Operationalising sustainability: With the shift from the Millennium Development Goals to the Sustainable Development Goals, donors began to emphasise, at least on paper, more sustainable programming. Practitioners do not need more endless debates on the meaning of sustainability, but rather practical tools to operationalise it. Simply thinking through “who will do and who will pay” for the functions necessary to ensure customers have ongoing access to information, goods, and services has helped PSI programme for sustainability in practice. For example, thinking about “Who will do?” and “Who will pay?” helped PSI leadership advocate for a more mixed approach to malaria case management at the global level, influencing the World Health Organisation’s guidance on private sector participation in malaria control.

“Keystone provides a practical way of designing for sustainability from the beginning, not just the end of a project”
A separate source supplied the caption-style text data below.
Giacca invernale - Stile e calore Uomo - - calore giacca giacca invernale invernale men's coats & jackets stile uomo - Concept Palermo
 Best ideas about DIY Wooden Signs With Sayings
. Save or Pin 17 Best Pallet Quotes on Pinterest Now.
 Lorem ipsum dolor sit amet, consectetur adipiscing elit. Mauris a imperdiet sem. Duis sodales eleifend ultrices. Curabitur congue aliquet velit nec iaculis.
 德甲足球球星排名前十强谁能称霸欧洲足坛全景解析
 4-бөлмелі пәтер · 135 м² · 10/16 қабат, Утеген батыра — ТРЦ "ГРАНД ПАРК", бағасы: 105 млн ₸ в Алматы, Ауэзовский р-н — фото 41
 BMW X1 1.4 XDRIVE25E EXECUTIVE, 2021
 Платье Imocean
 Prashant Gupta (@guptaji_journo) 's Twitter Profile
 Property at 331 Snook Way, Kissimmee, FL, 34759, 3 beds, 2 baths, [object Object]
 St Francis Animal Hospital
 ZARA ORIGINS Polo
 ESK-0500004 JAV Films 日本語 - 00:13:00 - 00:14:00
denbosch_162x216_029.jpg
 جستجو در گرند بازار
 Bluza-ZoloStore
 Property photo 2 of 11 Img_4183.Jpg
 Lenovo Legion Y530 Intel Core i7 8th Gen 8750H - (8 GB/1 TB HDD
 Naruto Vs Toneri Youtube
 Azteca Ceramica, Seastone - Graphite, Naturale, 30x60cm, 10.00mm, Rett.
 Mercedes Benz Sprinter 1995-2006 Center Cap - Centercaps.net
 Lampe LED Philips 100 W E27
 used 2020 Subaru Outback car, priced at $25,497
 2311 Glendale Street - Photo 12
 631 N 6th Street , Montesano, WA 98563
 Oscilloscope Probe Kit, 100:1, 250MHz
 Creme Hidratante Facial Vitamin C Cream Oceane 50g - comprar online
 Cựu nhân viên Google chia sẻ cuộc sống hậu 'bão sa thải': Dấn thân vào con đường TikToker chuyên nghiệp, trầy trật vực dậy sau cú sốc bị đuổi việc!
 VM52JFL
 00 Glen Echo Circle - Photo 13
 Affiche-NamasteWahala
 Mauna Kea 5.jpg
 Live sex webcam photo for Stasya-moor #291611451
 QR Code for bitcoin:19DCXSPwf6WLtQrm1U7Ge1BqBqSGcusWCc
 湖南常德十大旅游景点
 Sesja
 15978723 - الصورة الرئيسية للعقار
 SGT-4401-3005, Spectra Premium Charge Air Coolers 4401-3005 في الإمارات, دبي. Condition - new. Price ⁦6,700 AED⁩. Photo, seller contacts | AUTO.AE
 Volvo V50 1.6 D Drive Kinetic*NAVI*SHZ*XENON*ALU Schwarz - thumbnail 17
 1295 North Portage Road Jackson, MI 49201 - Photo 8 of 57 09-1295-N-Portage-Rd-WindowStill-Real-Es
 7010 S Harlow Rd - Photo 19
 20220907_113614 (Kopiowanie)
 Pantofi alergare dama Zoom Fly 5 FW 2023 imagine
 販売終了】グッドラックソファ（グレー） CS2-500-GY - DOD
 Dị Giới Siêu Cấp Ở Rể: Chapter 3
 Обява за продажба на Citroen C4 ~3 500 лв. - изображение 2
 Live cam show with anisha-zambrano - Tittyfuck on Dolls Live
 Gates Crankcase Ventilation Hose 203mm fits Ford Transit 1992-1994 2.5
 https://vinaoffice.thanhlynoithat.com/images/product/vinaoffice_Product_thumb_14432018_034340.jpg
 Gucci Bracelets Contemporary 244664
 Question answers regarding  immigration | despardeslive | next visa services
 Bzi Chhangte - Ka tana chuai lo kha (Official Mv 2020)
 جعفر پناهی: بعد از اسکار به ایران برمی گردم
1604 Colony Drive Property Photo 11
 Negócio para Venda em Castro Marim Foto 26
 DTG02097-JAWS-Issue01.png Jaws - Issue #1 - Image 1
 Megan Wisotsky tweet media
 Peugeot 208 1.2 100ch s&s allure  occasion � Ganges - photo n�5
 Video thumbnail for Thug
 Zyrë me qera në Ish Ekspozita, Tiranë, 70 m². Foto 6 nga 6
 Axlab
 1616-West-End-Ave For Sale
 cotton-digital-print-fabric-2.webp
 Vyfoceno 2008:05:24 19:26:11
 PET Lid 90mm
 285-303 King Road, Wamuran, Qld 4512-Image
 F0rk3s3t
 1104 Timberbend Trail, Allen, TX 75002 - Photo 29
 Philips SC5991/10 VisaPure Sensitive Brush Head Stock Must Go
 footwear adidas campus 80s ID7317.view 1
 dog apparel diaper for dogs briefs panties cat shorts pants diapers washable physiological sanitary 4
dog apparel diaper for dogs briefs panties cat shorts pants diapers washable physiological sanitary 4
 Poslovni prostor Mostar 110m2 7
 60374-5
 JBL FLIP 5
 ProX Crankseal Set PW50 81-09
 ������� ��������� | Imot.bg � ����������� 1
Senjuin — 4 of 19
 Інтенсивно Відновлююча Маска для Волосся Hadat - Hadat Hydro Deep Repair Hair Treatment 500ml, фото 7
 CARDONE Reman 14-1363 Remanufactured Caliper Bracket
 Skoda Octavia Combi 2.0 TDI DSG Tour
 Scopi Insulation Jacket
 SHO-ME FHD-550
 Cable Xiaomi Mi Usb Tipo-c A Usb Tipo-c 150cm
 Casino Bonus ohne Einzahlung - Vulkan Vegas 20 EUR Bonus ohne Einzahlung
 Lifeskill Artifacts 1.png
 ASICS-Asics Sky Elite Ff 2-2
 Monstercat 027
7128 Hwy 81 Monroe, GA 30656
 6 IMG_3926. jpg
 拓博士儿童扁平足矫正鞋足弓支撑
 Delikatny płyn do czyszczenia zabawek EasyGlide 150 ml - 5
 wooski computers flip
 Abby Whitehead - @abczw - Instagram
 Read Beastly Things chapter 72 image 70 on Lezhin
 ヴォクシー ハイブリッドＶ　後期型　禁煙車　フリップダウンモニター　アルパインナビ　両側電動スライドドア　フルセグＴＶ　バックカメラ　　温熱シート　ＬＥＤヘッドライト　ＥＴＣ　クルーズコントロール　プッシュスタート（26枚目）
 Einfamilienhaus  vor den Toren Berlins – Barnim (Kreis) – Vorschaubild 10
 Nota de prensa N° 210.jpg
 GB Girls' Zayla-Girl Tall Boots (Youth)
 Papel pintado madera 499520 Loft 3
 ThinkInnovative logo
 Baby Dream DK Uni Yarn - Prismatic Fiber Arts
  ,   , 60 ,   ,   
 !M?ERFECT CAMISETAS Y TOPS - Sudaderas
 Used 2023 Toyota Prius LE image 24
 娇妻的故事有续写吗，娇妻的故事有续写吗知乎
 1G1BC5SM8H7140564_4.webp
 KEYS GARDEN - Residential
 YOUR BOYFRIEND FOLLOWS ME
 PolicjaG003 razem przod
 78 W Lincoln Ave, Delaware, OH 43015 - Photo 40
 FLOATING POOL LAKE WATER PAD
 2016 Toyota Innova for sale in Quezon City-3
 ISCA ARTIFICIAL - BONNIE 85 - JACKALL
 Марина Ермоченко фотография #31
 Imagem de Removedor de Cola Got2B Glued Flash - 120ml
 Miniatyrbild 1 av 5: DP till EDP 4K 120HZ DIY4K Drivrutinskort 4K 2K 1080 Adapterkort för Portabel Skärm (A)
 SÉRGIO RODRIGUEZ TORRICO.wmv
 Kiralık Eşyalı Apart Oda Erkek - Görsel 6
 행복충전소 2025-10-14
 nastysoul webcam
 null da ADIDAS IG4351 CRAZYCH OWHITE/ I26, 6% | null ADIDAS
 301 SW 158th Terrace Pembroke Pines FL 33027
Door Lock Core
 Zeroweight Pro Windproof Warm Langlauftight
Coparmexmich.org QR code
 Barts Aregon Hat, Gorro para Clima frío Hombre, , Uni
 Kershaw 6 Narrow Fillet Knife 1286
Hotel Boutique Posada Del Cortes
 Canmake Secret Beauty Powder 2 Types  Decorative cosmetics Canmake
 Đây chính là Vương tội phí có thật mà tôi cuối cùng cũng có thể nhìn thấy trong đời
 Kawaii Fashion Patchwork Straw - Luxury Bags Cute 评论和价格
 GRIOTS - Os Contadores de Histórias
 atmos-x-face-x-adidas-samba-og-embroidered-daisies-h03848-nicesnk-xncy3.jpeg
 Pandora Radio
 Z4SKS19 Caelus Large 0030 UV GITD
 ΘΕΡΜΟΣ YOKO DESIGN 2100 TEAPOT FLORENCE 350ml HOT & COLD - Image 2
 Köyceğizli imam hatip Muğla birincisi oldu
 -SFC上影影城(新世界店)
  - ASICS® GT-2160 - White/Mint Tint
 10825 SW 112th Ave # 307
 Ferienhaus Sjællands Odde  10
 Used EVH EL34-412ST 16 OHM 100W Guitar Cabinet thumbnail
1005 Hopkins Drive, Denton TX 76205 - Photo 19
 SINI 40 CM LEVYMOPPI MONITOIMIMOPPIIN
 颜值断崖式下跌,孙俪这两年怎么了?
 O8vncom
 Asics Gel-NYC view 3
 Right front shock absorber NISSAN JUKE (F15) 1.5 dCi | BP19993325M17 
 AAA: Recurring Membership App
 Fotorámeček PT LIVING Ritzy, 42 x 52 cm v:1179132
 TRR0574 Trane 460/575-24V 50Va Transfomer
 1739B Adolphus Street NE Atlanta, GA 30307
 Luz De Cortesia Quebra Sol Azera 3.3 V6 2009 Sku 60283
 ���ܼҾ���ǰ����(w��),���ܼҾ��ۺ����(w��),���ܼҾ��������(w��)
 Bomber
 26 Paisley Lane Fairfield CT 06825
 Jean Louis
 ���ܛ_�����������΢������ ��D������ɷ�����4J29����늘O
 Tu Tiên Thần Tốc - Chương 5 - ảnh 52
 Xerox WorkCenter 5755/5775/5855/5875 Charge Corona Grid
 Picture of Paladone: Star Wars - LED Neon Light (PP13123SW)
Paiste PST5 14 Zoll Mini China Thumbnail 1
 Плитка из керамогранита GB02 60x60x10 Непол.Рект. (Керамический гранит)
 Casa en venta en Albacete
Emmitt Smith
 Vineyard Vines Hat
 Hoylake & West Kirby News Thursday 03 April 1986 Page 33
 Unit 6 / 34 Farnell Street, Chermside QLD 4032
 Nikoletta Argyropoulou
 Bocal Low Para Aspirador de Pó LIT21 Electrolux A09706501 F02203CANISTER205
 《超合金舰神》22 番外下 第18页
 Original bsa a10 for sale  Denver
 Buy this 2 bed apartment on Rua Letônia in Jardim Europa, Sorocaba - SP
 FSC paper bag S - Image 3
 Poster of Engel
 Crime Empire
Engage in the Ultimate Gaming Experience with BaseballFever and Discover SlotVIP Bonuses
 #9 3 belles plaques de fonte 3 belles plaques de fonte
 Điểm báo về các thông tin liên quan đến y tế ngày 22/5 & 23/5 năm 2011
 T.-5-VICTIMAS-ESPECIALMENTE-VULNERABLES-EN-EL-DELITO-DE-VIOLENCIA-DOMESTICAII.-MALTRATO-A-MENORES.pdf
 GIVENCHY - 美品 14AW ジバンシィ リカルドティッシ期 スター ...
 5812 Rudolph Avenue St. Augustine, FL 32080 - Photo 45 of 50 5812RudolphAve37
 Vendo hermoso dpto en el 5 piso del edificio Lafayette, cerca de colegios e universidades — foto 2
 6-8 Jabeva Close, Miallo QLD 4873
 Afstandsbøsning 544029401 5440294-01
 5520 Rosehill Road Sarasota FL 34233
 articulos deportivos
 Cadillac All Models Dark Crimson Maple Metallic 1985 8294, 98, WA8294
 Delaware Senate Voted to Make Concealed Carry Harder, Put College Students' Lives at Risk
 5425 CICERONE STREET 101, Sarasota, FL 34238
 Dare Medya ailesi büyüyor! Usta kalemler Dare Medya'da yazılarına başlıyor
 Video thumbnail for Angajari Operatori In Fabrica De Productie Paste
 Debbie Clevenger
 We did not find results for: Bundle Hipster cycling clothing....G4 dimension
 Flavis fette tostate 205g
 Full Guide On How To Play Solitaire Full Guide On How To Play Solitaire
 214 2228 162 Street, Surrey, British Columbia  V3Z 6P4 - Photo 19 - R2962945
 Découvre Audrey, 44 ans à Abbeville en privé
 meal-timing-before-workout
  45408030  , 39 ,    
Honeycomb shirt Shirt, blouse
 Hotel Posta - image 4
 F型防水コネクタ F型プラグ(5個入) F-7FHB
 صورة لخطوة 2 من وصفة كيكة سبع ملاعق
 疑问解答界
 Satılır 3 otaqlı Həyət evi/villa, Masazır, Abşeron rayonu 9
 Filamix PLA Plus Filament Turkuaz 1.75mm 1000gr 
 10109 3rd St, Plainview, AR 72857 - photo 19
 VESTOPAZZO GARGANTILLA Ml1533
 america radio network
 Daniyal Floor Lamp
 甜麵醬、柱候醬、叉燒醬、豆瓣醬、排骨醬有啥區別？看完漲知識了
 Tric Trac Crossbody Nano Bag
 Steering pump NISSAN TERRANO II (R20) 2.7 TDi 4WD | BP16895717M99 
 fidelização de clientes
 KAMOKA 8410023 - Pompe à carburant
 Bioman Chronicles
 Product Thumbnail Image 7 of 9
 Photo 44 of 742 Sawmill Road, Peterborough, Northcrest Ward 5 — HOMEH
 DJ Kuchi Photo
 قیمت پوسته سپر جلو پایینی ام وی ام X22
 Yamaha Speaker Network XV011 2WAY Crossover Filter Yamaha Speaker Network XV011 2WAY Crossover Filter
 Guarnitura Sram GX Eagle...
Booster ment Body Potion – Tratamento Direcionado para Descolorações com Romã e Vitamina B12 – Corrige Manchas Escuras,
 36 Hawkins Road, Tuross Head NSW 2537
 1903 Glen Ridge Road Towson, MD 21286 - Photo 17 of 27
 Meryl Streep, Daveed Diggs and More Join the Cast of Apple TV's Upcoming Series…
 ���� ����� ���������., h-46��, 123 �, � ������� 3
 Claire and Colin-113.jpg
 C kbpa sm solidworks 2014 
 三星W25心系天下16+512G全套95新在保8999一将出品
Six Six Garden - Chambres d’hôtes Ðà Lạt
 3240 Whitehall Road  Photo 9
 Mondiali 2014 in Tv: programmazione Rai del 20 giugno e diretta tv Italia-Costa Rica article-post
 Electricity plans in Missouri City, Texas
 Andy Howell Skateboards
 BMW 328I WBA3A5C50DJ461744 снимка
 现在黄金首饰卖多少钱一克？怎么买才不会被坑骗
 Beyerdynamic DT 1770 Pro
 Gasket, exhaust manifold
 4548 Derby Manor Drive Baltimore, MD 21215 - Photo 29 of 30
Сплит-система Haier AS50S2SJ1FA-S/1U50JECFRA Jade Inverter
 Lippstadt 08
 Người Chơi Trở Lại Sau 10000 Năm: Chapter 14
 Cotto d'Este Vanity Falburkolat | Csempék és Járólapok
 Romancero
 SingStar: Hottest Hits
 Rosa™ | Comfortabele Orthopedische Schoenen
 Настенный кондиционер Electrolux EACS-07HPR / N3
Fifty years on, PSI remains committed to working towards better health outcomes. It now recognises that that will only happen with sustained behaviour change of public agencies, private firms, and individuals. PSI has also realised that it needed to change its own behaviour to ensure its approach is as effective as it can be in evolving markets. This journey has not been without its bumps. PSI encountered tensions in articulating its changing role in evolving markets; it had to balance opportunities to design more sophisticated programmes for donors with higher risk appetites with the pressures of conventional business development; and it had to communicate its evolving role internally and externally. Keystone does not replace the extensive health expertise required to tackle persistent global health challenges, but brings together PSI’s understanding of diseases, the drivers of individual behaviour, and how those drivers are shaped by constraints beyond the individual. As PSI works to place the consumer at the centre of stronger health systems, helps to bring innovations to scale, and amplifies the work of other actors Keystone provides a common language and due diligence process for designing and delivering health programmes so that more people in more places can live healthier lives.